[파이썬] xgboost 학습률 및 깊이 조절

07 Sep 2023

xgboost

XGBoost is a popular machine learning library known for its powerful gradient boosting algorithms. One of the key factors in training an accurate XGBoost model is adjusting the learning rate and depth of the decision trees. In this blog post, we will explore how to adjust these parameters in Python to achieve optimal results.

Importing the Required Libraries

Before we begin, we need to import the necessary libraries. Make sure you have XGBoost installed in your Python environment.

import xgboost as xgb
from sklearn.model_selection import train_test_split
from sklearn.metrics import accuracy_score

Loading the Dataset

Let’s start by loading a sample dataset to work with. For this example, we will use the Iris dataset available in the scikit-learn library.

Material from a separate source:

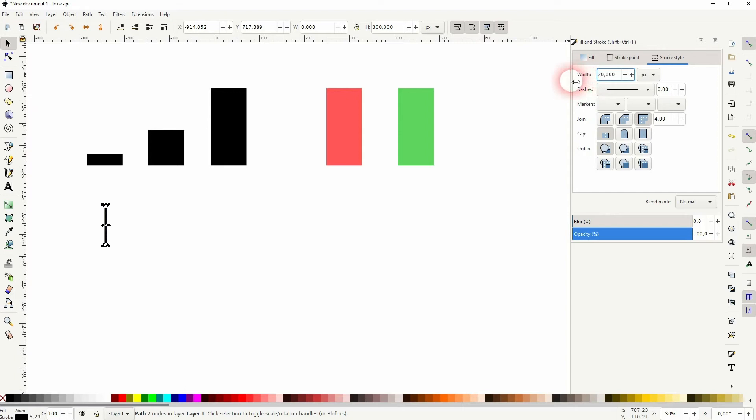Now we can once again press ctrl D to copy that and then stack them.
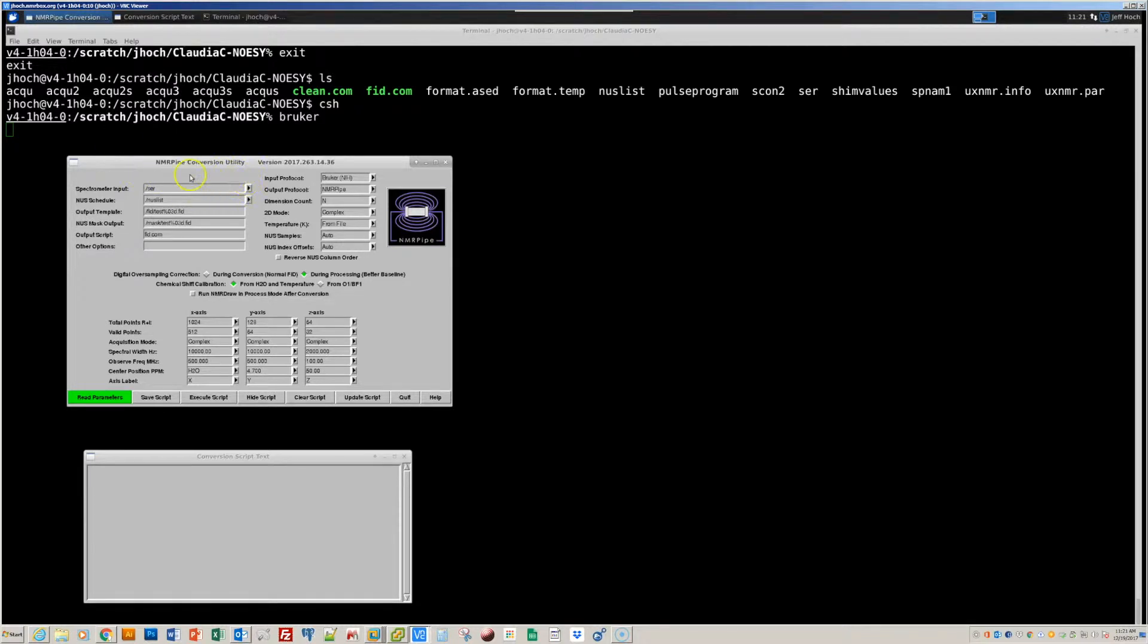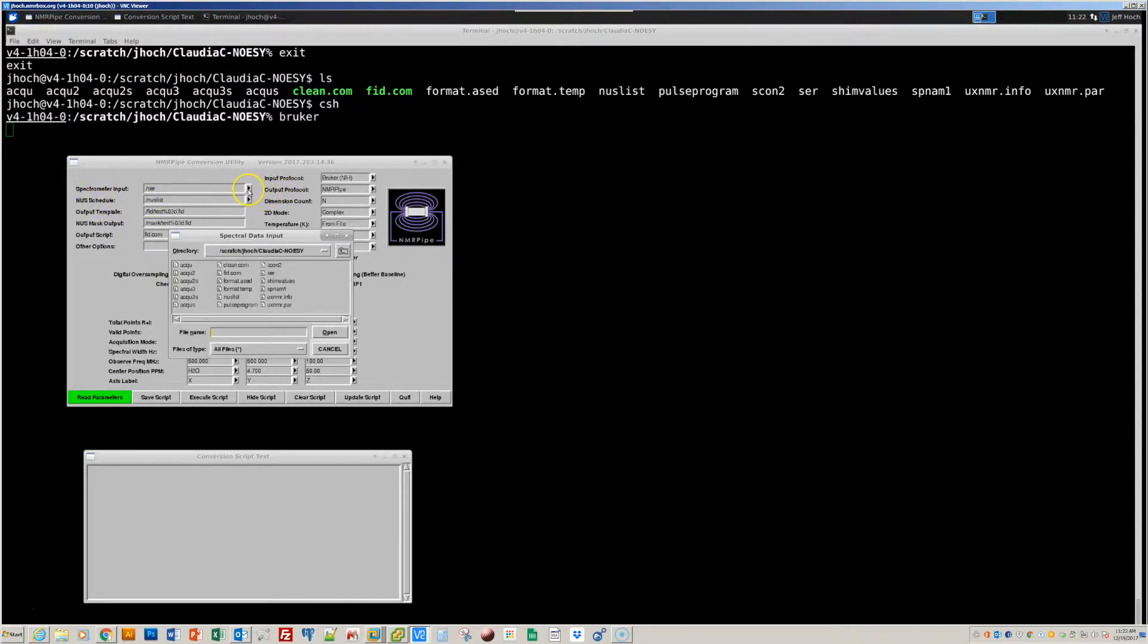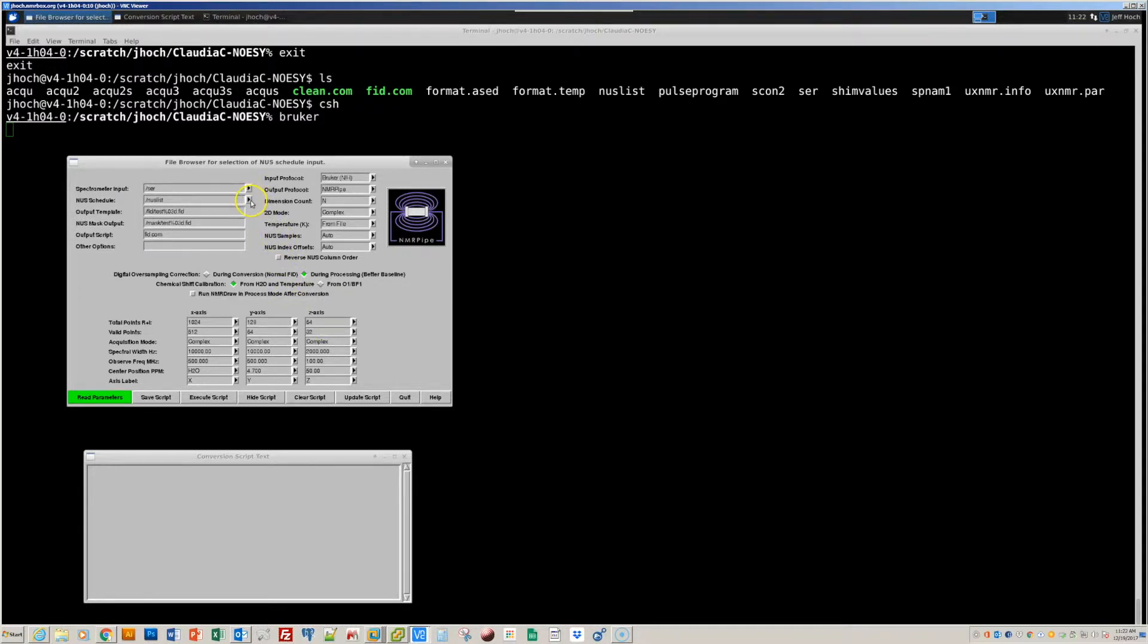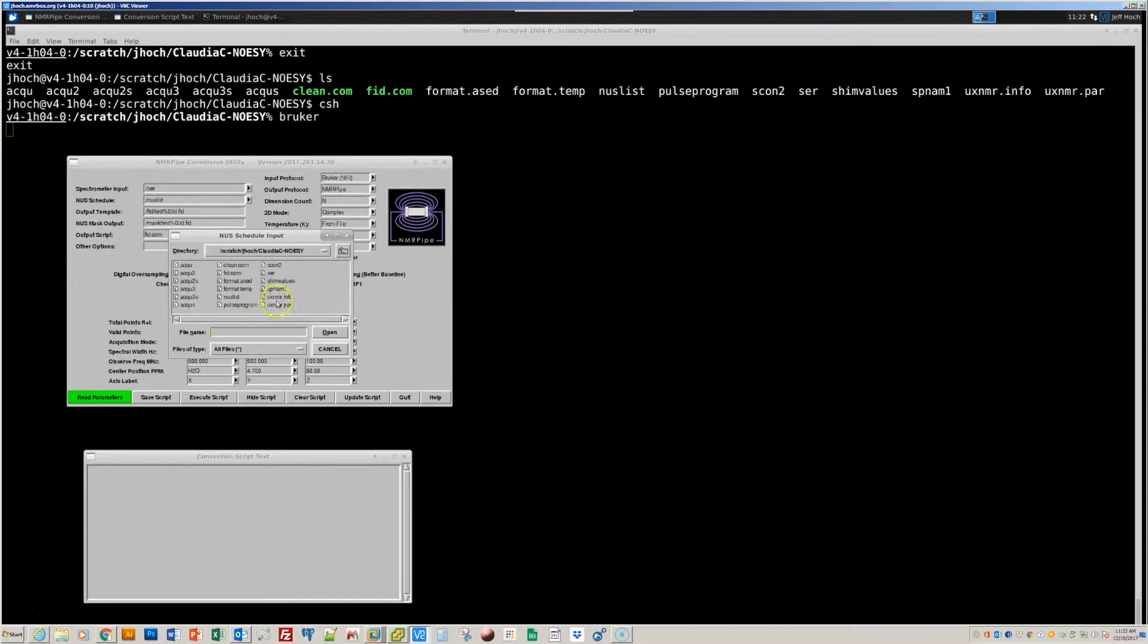As input, we have the binary spectrometer data, which in the case of Bruker data is the binary file S-E-R. And in the case of non-uniformly sampled data, we also have as part of the input the non-uniform sampling schedule, which in this case is a text file called NUSLIST. So I'll select that as input.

from sklearn.datasets import load_iris

iris = load_iris()
X = iris.data
y = iris.target

Splitting the Dataset

Next, we need to split the dataset into training and testing sets. We will use the train_test_split() function from scikit-learn for this purpose.

X_train, X_test, y_train, y_test = train_test_split(X, y, test_size=0.2, random_state=42)

Defining and Training the XGBoost Model

Now let’s define the XGBoost classifier and train the model using the training set.

model = xgb.XGBClassifier(learning_rate=0.1, max_depth=3)
model.fit(X_train, y_train)

Evaluating the Model

After training the model, we can evaluate its performance by making predictions on the testing set and calculating the accuracy score.

y_pred = model.predict(X_test)
accuracy = accuracy_score(y_test, y_pred)
print("Accuracy:", accuracy)

Adjusting the Learning Rate and Depth

To adjust the learning rate and depth of the XGBoost model, you can simply modify their values when creating the XGBClassifier object.

model = xgb.XGBClassifier(learning_rate=0.01, max_depth=5)

The learning_rate parameter controls the step size at each boosting iteration. Lower values can be helpful in preventing overfitting, but may require more iterations to converge.
The max_depth parameter represents the maximum depth of the decision trees. Increasing this value can make the model more complex, but may also lead to overfitting.

Experiment with different values for these parameters to find the optimal combination that yields the best results for your specific problem.

Conclusion

In this blog post, we discussed the importance of adjusting the learning rate and depth in XGBoost models. We also provided an example of how to implement this in Python using the XGBoost library. Remember to fine-tune these parameters based on your specific dataset and problem to achieve the best possible accuracy.